Compared with many plants, the seeds of most Citrus species are relatively large and easy to handle. If they are sown in an ‘open’ seed compost in a brightly lit position with a temperature around 15ºC, they should germinate within two or three weeks. However, it will take several years before they start producing flowers and fruit.
· In addition to propagating plants from seed, they can also be increased by cuttings. Heel cuttings between 100-150mm in length can be inserted in moist sharp sand at a temperature of 21ºC and kept as humid as possible until the roots form – which should be within a couple of months.
· Citrus plants do not like lime, so when the seedlings are large enough to be potted-on they should be planted into a pot containing ‘ericaceous’ compost, preferably a soil-based one such as those developed by the John Innes Institute. The optimum pH for the compost is 6, which is slightly on the acidic side of neutral.
· During the growing season, from spring through summer, the plants will benefit from the regular application of a nitrogen-rich fertiliser to boost strong growth. Once winter is upon us the occasional feed with a balanced fertiliser would be beneficial and help to keep the plant healthy.
· Although your plants will need plenty of water in hot weather, they should not be allowed to become water-logged as this will kill off the roots and their foliage will drop. Similarly, if they do not receive sufficient water, the flowers will fall and the foliage will shrivel.
· It is customary for large pots of Citrus to be placed in a sheltered spot in the garden once all danger of frost has passed. Although they will receive rain, the foliage will often act like an umbrella and the rain will run-off without wetting the compost, so a check should be made regularly to ensure that the compost is moist.
· The best type of pot is one made from terracotta; it is easy to tell by tapping its side whether or not the compost is dry. A dry clay pot will have more of a ring to the sound when tapped than a wet pot and they are less likely to become waterlogged than plastic ones. The main drawback to these clay pots is their weight which can be several times that of a plastic pot.
· Ornamental rectangular containers, modelled on those which were used for growing Citrus at the garden of Versailles, can be made or bought but consideration must be given on account of their weight and size to moving them into a protected space once there is any danger of frosts.
· The best water for watering your Citrus will be clean rainwater as this will not have received any chemical treatment that could be detrimental to the plants. If insufficient rainwater is available, the use of ‘soft’ tap water is preferable to ‘hard’ water which contains calcium which will leave unsightly deposits on the leaves.
· Orangeries, such as the fabulous ornamental building here at Margam, were originally used to give winter protection to Citrus trees; they do not allow enough light to get to the plants for them to grow healthily throughout the year. Plants should be kept in as bright a location as possible.

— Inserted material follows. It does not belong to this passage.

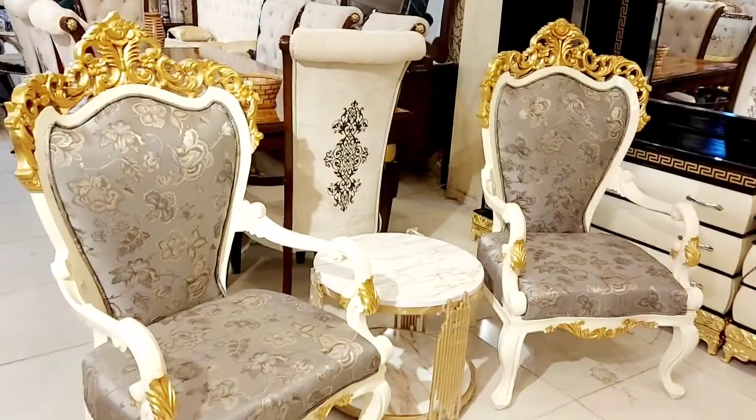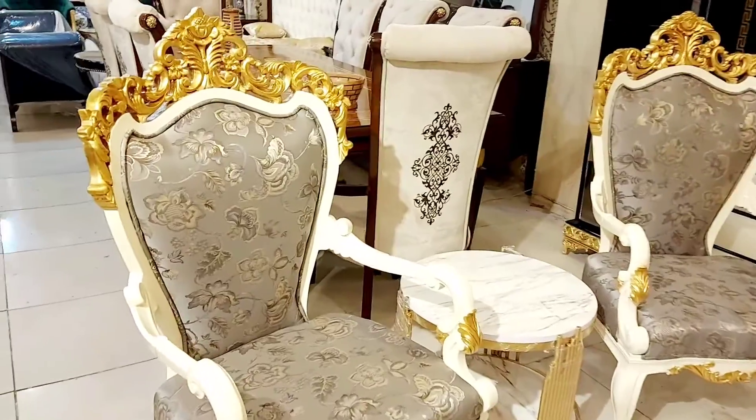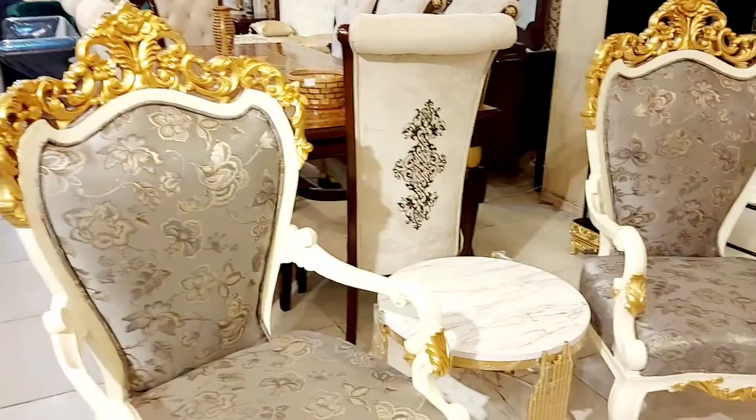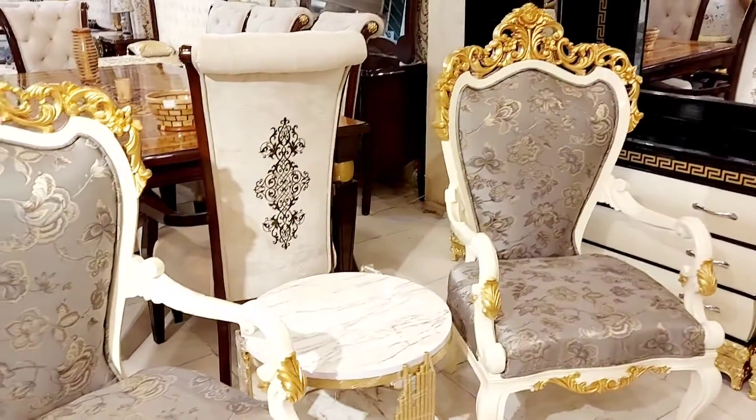Hello everyone. Today I am taking a very nice bedroom set for you. It is a unique design and carving. It was a custom order. We have executed our project.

· As long as there is some air movement and they have moisture at their roots, orange trees will be happy in the hottest of summer temperatures. However, in early autumn, as soon as the temperature begins to fall, the plants must be moved into a space where the temperature does not fall below 8 or 10ºC, nor rise much above 15ºC. They should be kept in this mild environment through the winter until all danger of frost has passed. This will normally be at the end of May or early June.
· Pruning is not normally necessary but if the growth is weak or the bush is misshapen or outgrowing its space, the branches can be shortened back in the spring.